第13話

「ねぇアスラン、物のついでで相談させて欲しいんだけど……踊りで人を魅了することしかしてこなかった私でも、お金を稼げそうな働き口を知ってたりしないかしら?」


 アスランは黒い短髪を傾けてう~んと悩み、それでしたらと、思わぬ仕事を紹介した。


「実は僕、呼び込みをしてくれる人がいたら良いなと、思っていたところなんです」

「呼び込みって言うと、この店の宣伝みたいなものかしら?」


「はい。交通量の多い所から、新規のお客様をここへ連れてきていただきたいんです。給金は歩合制になります。勧めといて難ですが、お客様ならもっと良い働き口がいくらでも見つかるかと思います」



 自慢ではないが、男を引っ掛けるのは得意だ。特に呑んだくれや歳のいったオジサンは、簡単に思考を誘導できるから扱いやすい。

 歩合制ということは、引っ掛ければ引っ掛けるほど金になるということ。慣れない仕事をするよりも、自分らしく沢山稼げるのではないか。
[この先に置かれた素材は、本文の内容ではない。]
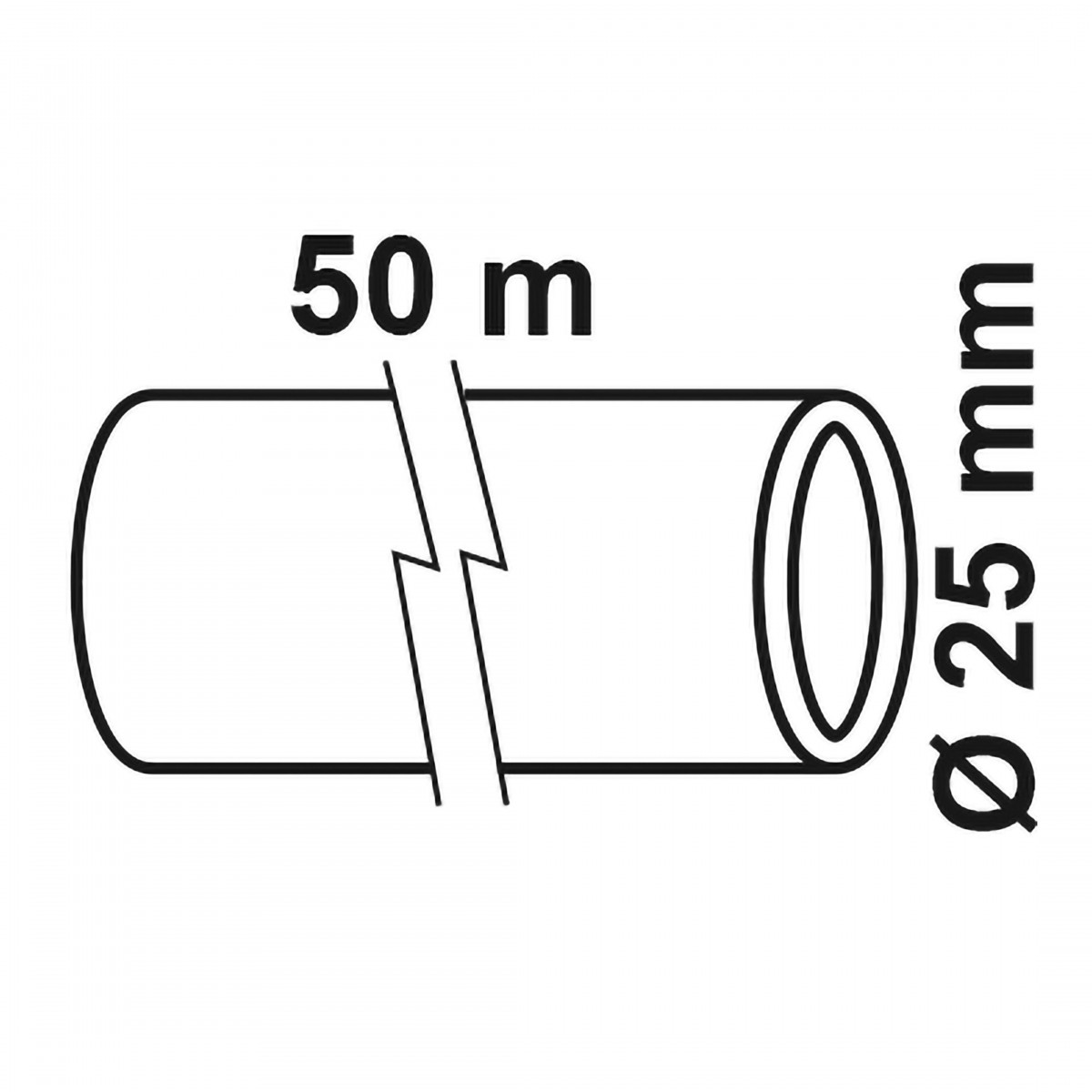 KIRCHHOFF 50m HDPE Rohr -ø 25 mm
 そしてなにより、アスランの手腕はもっと多くの人が知るべきだと思う。その一助になれるのなら、遣り甲斐もある。


 ……アスランにもまた会えるし。


 これほどの好条件、他にないのではないか。


「私、やりたいわその仕事! 私にやらせてちょうだい! 本業は踊りでやっていきたいから、働く日時は不定期になると思うんだけど、良いかしら?」


「僕に一言頂けなくとも、お客様を連れてきて頂ければ給金に加算させて頂きます。ちなみに、僕の営業日は週四日で曜日は……いえ、これも良い機会ですね、平日の週五日やっています」


 どうして週五日に言い直したのかは分からなかったが、稼げる日数が増えたのはありがたかった。


「それじゃあアスラン、これからもよろしくね」


「こちらこそよろしくお願いします。お客様、と呼ぶのももう変なので、お名前を教えてもらってもいいですか?」


「フフッ。失礼、言いそびれてたわね」


 シルクの自己紹介の文言は、旅団に入った時から決まっている。



「私はシルク。踊り子のシルクよ」


 アスランと固い握手を結ぶ。



 昨晩は悲嘆に暮れたシルクだったが、見通しの暗かった将来に暖かな光が生まれてくるのを感じていた。